▸ **Description of the task**
Transcribe the data as written, minus images.

▸ **Provided data**
:::

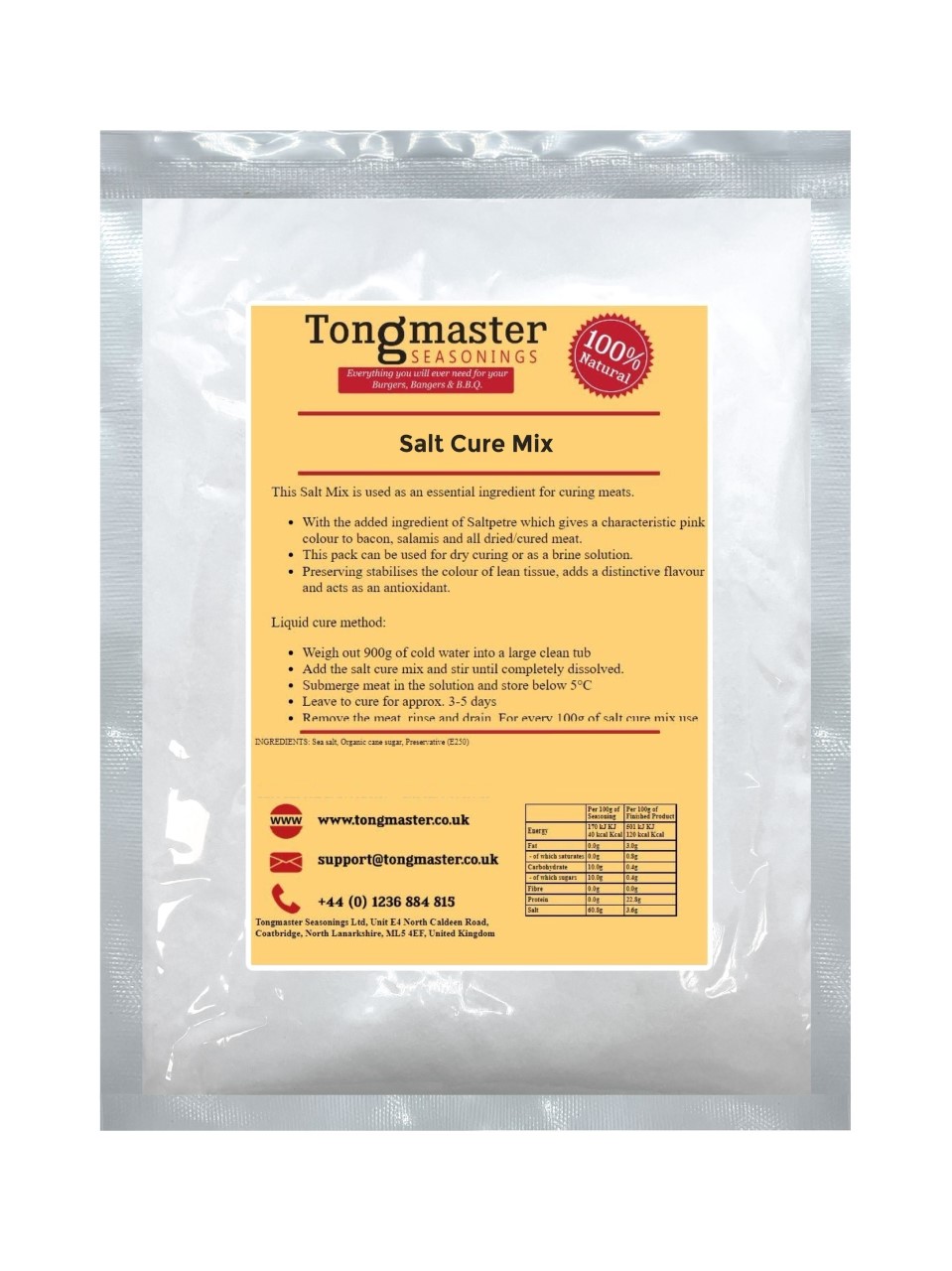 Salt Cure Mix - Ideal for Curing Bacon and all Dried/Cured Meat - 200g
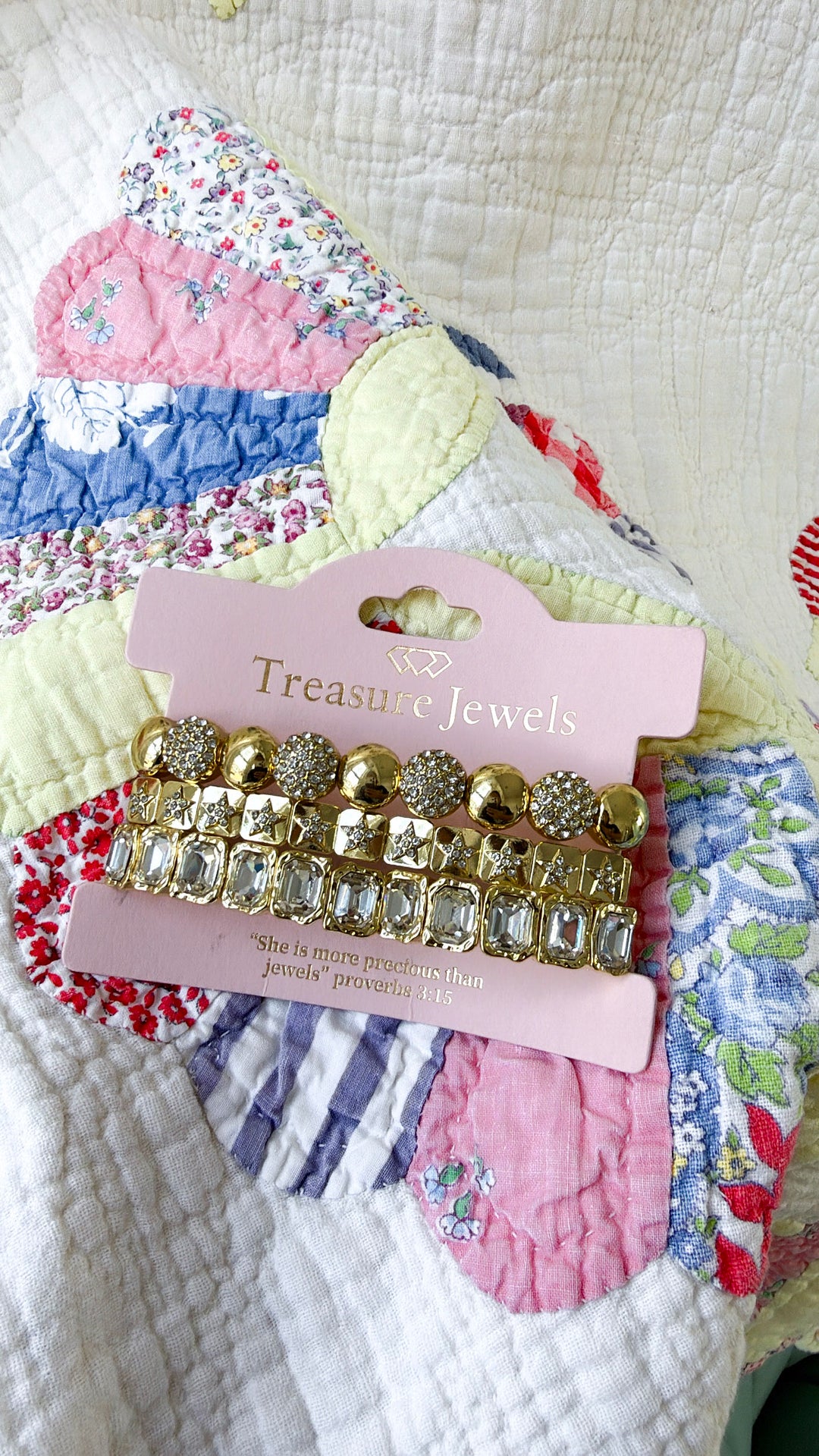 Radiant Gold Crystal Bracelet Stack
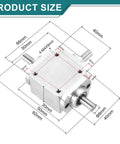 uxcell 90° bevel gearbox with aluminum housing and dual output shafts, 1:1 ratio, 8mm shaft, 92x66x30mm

:::

▸ **Solution to the problem**
 Salt Cure Mix - Ideal for Curing Bacon and all Dried/Cured Meat - 200g
 Radiant Gold Crystal Bracelet Stack
 uxcell 90° bevel gearbox with aluminum housing and dual output shafts, 1:1 ratio, 8mm shaft, 92x66x30mm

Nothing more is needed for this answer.